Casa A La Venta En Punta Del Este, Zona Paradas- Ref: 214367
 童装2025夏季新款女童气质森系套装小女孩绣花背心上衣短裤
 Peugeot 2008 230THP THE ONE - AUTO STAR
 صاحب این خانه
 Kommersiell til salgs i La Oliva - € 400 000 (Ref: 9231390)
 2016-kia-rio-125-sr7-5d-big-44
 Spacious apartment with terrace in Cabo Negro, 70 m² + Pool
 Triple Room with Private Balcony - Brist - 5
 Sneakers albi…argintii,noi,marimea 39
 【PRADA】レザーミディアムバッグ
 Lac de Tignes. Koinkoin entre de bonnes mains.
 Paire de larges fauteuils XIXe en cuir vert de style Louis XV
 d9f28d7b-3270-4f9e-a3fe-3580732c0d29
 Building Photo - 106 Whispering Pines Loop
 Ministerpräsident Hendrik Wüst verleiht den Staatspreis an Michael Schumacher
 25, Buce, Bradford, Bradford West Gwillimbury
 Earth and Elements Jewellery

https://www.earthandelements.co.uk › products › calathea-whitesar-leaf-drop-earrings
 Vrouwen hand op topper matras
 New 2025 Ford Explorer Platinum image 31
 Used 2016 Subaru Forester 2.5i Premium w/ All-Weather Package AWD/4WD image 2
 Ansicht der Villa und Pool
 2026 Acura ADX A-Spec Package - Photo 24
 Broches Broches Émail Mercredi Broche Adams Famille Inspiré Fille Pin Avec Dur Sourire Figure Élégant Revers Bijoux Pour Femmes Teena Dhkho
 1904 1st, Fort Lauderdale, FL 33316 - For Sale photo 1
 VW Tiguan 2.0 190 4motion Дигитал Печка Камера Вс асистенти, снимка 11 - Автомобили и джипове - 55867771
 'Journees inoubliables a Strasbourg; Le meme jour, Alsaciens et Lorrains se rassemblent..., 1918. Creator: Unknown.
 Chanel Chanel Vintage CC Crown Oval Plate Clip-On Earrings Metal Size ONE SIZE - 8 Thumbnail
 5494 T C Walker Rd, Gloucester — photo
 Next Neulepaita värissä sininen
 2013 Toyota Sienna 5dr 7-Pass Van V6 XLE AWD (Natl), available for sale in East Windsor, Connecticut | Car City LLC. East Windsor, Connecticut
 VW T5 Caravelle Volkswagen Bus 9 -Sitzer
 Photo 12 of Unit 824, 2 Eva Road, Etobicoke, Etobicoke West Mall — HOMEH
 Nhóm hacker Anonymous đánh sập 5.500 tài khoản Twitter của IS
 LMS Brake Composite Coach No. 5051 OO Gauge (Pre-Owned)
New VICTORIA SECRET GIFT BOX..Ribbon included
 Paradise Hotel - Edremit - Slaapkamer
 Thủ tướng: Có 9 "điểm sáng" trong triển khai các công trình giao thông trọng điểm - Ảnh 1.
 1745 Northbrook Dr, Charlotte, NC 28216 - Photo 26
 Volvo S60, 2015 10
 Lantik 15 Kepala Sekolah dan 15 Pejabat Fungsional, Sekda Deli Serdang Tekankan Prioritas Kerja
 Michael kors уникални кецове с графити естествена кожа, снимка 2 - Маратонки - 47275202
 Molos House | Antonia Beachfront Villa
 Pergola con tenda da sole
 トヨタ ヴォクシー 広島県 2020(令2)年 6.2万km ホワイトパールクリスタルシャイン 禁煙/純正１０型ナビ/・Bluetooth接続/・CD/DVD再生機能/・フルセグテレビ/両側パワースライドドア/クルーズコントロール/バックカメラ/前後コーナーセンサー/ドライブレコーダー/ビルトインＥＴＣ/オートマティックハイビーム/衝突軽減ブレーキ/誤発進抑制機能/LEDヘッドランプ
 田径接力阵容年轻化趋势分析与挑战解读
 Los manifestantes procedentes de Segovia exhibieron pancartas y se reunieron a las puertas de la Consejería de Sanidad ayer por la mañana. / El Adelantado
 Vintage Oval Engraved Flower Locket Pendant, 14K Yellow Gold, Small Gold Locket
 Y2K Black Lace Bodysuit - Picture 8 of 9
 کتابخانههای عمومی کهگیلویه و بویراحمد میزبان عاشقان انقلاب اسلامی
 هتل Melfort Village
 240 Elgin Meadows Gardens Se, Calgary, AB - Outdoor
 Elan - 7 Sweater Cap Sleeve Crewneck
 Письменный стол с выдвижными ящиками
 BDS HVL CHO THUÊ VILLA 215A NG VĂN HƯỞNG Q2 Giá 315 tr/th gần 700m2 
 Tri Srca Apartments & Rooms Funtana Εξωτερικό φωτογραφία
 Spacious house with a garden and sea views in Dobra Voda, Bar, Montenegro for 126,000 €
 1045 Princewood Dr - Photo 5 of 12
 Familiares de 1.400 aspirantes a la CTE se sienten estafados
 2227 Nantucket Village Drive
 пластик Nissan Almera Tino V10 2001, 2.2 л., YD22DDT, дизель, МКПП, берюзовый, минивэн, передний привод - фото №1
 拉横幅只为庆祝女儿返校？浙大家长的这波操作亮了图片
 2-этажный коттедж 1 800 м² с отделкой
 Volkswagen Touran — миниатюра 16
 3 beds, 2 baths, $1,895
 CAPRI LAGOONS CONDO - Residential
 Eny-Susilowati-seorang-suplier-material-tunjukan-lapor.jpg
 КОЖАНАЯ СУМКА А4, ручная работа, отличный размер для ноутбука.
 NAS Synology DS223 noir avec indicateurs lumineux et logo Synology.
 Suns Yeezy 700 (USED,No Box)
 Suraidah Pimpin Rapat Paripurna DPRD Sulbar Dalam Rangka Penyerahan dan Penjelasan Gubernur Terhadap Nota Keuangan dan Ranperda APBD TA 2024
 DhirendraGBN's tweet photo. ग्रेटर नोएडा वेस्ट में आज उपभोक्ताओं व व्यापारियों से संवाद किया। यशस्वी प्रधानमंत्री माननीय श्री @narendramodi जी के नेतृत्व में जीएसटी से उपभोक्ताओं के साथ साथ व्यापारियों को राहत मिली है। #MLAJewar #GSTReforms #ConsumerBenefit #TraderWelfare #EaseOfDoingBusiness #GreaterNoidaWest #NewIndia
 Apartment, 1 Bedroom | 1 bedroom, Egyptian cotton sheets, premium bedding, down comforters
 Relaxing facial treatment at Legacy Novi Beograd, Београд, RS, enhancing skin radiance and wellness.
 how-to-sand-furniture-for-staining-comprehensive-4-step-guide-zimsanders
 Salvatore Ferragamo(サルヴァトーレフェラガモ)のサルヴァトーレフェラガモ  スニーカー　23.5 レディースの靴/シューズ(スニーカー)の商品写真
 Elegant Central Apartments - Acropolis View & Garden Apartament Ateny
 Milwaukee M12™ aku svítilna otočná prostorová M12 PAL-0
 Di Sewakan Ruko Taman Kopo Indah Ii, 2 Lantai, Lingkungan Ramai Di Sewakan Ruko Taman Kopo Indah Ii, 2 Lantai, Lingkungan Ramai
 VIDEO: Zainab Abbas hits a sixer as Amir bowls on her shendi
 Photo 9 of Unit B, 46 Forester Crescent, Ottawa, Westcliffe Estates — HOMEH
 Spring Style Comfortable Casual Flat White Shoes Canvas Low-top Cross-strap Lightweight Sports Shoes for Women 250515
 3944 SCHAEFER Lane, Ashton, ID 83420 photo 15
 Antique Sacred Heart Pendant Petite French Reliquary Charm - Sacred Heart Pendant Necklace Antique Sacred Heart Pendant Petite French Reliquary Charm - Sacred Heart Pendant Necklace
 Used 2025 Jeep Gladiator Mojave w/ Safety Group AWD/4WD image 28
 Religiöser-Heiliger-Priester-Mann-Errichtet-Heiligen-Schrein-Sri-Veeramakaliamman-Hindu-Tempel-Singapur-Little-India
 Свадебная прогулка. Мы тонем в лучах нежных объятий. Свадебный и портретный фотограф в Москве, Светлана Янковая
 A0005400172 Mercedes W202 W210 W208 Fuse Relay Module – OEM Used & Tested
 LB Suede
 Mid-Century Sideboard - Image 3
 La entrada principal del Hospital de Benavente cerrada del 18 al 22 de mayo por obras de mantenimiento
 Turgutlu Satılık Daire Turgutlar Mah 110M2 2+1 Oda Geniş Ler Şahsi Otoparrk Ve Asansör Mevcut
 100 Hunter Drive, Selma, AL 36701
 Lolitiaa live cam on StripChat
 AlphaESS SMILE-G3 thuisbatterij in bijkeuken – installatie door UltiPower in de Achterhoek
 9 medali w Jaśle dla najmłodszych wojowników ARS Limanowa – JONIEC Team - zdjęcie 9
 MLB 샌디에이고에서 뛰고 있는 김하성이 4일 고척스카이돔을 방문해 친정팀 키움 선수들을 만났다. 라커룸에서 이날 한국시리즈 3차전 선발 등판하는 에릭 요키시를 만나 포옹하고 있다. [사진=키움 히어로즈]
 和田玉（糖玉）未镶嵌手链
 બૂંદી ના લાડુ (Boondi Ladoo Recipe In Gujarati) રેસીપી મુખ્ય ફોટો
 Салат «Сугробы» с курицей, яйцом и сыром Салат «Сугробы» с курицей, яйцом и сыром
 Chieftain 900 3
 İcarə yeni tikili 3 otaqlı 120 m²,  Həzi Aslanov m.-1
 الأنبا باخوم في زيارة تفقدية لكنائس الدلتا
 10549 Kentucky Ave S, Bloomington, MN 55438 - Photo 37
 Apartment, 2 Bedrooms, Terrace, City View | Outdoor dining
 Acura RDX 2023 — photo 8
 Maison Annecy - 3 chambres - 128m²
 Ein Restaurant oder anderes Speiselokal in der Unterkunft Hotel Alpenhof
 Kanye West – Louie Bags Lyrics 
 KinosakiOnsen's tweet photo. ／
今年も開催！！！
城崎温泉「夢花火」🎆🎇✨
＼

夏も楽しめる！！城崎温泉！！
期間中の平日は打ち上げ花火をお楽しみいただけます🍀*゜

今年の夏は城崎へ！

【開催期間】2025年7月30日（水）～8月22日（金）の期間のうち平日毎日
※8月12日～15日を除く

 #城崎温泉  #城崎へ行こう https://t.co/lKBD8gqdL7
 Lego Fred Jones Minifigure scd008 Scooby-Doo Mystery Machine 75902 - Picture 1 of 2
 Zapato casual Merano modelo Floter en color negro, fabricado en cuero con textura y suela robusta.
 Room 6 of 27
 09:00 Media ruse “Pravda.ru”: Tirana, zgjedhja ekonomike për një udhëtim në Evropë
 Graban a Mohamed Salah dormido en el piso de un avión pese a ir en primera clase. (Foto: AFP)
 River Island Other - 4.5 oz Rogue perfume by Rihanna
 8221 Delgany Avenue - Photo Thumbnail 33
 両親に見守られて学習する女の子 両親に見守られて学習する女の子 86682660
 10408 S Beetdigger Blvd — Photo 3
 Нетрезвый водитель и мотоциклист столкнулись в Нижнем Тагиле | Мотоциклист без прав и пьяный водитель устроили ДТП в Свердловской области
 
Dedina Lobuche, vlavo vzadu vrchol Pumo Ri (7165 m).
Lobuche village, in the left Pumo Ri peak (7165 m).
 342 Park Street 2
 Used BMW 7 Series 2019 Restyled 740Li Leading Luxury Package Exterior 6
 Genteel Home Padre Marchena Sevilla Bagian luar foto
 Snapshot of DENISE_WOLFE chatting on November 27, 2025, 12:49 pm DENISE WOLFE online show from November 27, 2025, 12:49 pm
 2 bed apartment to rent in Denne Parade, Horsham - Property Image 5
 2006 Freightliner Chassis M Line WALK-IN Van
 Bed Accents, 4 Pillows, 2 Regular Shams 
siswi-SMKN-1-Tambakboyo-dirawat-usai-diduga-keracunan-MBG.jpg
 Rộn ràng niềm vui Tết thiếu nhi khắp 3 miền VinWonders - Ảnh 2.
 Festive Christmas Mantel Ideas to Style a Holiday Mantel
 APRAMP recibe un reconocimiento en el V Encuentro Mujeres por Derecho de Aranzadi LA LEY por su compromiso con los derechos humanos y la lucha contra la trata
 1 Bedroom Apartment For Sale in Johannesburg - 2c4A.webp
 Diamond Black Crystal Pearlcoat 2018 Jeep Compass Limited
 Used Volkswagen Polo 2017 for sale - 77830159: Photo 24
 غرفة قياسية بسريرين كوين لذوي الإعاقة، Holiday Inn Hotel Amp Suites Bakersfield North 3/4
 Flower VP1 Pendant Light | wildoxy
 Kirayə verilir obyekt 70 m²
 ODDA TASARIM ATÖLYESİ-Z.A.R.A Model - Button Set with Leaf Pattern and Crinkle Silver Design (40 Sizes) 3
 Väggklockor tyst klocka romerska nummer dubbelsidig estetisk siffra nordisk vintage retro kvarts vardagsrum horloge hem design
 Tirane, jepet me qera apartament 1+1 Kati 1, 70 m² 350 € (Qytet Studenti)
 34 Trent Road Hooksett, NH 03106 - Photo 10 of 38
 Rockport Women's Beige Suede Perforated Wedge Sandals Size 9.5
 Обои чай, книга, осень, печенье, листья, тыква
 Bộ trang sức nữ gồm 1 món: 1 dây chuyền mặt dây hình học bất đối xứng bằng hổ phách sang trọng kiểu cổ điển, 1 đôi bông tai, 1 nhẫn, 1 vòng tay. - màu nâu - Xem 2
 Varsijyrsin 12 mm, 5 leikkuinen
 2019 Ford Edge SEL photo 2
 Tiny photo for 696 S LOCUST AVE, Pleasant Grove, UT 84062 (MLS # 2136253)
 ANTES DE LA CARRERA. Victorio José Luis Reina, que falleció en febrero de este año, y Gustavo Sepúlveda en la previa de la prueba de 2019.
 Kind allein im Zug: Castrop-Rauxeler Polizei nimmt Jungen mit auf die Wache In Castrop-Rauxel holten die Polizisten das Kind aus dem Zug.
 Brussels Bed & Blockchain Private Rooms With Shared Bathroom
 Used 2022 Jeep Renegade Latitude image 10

● ● ●

Where the listing above has a line with "100 Hunter Drive, Selma, AL 36701", start there, and output every line exactly through the line with "الأنبا باخوم في زيارة تفقدية لكنائس الدلتا", which is also included.

 100 Hunter Drive, Selma, AL 36701
 Lolitiaa live cam on StripChat
 AlphaESS SMILE-G3 thuisbatterij in bijkeuken – installatie door UltiPower in de Achterhoek
 9 medali w Jaśle dla najmłodszych wojowników ARS Limanowa – JONIEC Team - zdjęcie 9
 MLB 샌디에이고에서 뛰고 있는 김하성이 4일 고척스카이돔을 방문해 친정팀 키움 선수들을 만났다. 라커룸에서 이날 한국시리즈 3차전 선발 등판하는 에릭 요키시를 만나 포옹하고 있다. [사진=키움 히어로즈]
 和田玉（糖玉）未镶嵌手链
 બૂંદી ના લાડુ (Boondi Ladoo Recipe In Gujarati) રેસીપી મુખ્ય ફોટો
 Салат «Сугробы» с курицей, яйцом и сыром Салат «Сугробы» с курицей, яйцом и сыром
 Chieftain 900 3
 İcarə yeni tikili 3 otaqlı 120 m²,  Həzi Aslanov m.-1
 الأنبا باخوم في زيارة تفقدية لكنائس الدلتا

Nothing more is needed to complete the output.